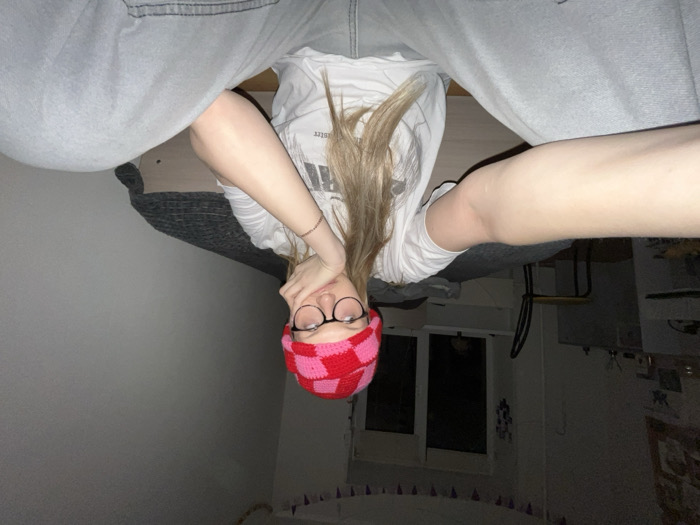 The image displays a person, likely a young individual, in an inverted orientation, suggesting they are lying down with their legs elevated or the image has been rotated 90 degrees clockwise. The perspective is a close-up selfie taken from a low angle.
The central figure has long, light-colored hair (blonde or light brown) that cascades downwards towards the upper part of the frame, in line with the inverted pose. They are wearing a white, short-sleeved t-shirt, on which a dark, block-lettered design or text is partially visible on the right side of the chest, though not clearly legible. The person's legs, clad in light grey or faded blue jeans or sweatpants, are prominent in the foreground, bent at the knees, framing the view.
The individual's face is partially obscured by their hands, which are held close to the face. One hand covers part of the mouth and chin, while the other rests near the cheek. They wear round-rimmed glasses with dark frames. A distinctive red and pink checkered (or tartan-like) pattern headband or ear warmer is worn across the forehead, covering the eyebrows. Only the eyes and a portion of the nose are clearly visible above the hands, making a precise emotional expression difficult to discern, but the overall impression is casual and relaxed. A thin, light-colored bracelet is visible on one wrist.
The background suggests an indoor setting, likely a bedroom. Behind the person's head, there is a bed or sofa covered with a dark grey or black textured blanket or throw. A wooden headboard or furniture frame is visible directly above this. To the right side of the frame, a window with dark panes indicates it is either dark outside or the blinds are closed. Below the window, a light-colored surface, possibly a windowsill or part of the wall, is visible. Further to the right, some dimly lit furniture or decorative items, along with a glimpse of patterned wallpaper or a wall hanging, can be seen. The overall lighting is dim, suggesting it is evening or night. There is no visible, clearly legible text within the image apart from the obscured design on the t-shirt.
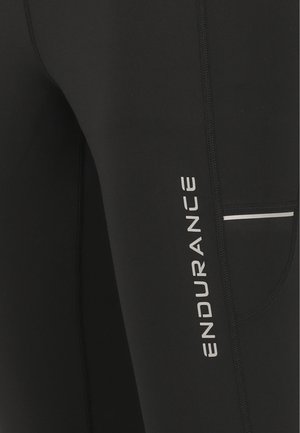 Leggings noirs en matériau extensible, avec un logo blanc "ENDURANCE", une petite poche et des coutures contrastantes le long des coutures.
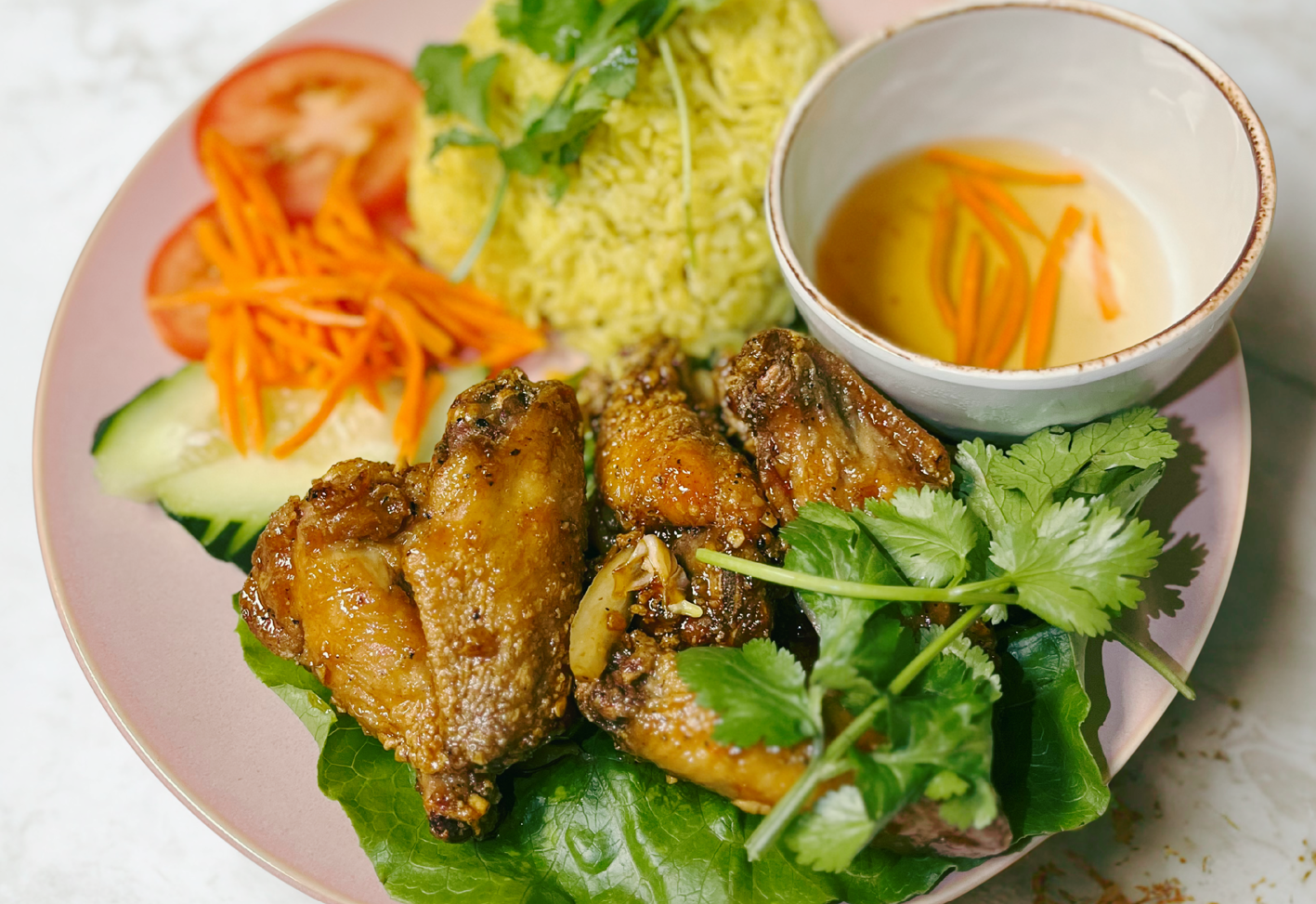 Plate with fried chicken wings, sliced tomatoes, cucumbers, shredded carrots, mashed potatoes with herbs, and a small bowl of dipping sauce with carrots, accompanied by fresh cilantro and greens.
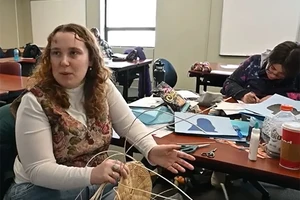 A woman weaving a basket.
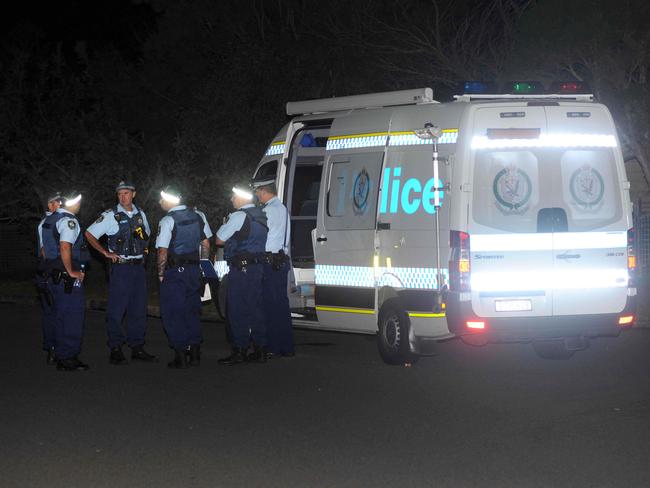 Police at the murder scene last night. Picture: Simon Bullard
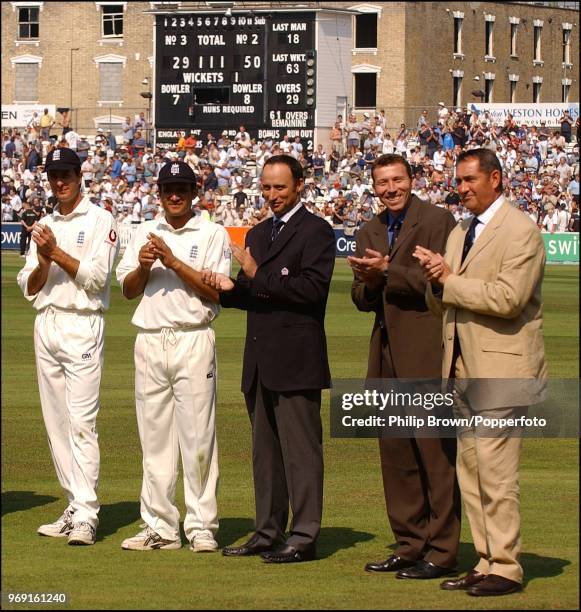 Past and present England cricketers Michael Vaughan, Mark Butcher, Nasser Hussain, Mike Atherton and Graham Gooch applaud teammate Alec Stewart...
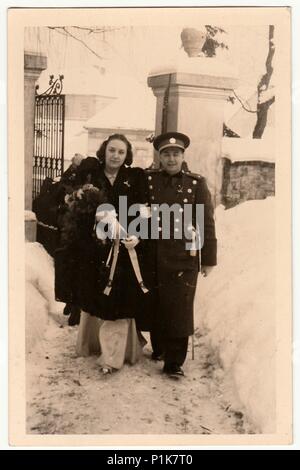 PRAG, TSCHECHOSLOWAKISCHE SOZIALISTISCHE REPUBLIK - UM 1950s: Ein Vintage-Foto zeigt das Brautpaar nach der Trauung in der Kirche. Die Hochzeitszeremonie findet im Winter statt. Altes Schwarz-Weiß-Foto, 1950s. Stockfoto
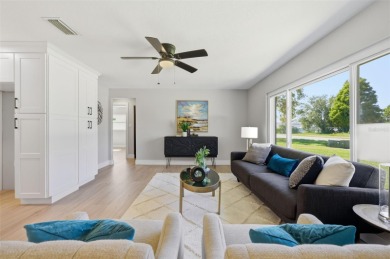 Welcome to this beautifully remodeled 3 bedroom, 2 bathroom pool on Mangrove Bay Golf Course in Florida - for sale on GolfHomes.com, golf home, golf lot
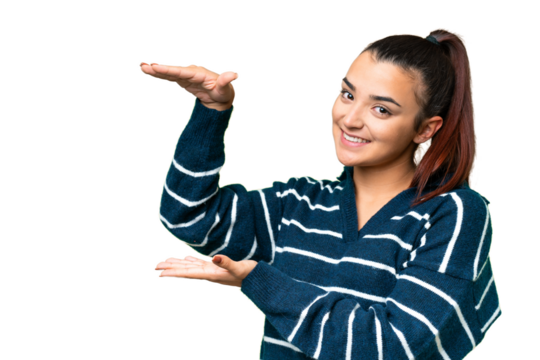 Young beauty woman over isolated chroma key background holding copyspace to insert an ad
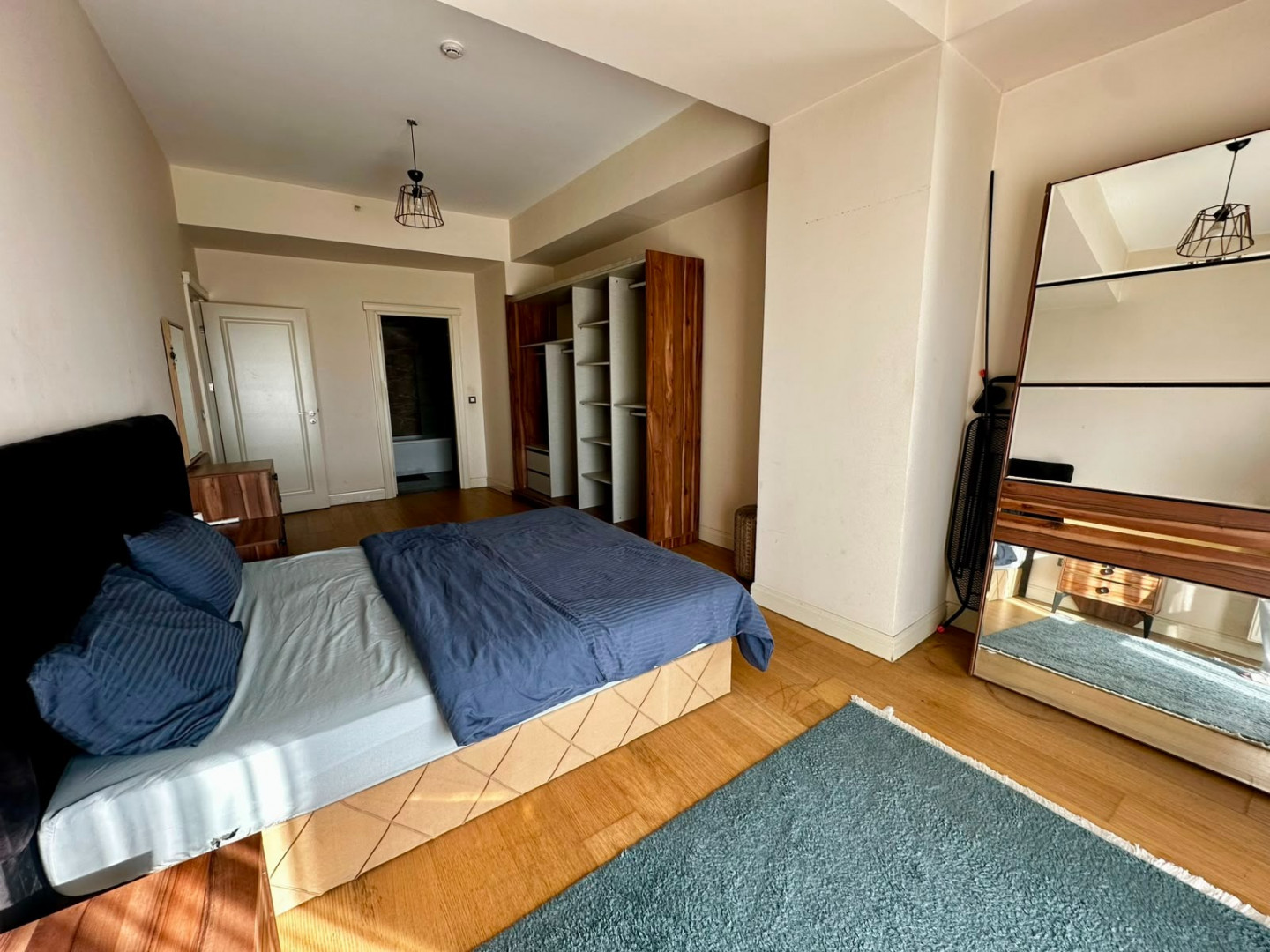 Two bedrooms and a living room with a view of the highway.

---*---

*Your instructions*. Restrict the output to the lines from the one with "Welcome to this" through the last line of the material above. Print them exactly, leaving out every picture.

*Exercise response*.
 Welcome to this beautifully remodeled 3 bedroom, 2 bathroom pool on Mangrove Bay Golf Course in Florida - for sale on GolfHomes.com, golf home, golf lot
 Young beauty woman over isolated chroma key background holding copyspace to insert an ad
 Two bedrooms and a living room with a view of the highway.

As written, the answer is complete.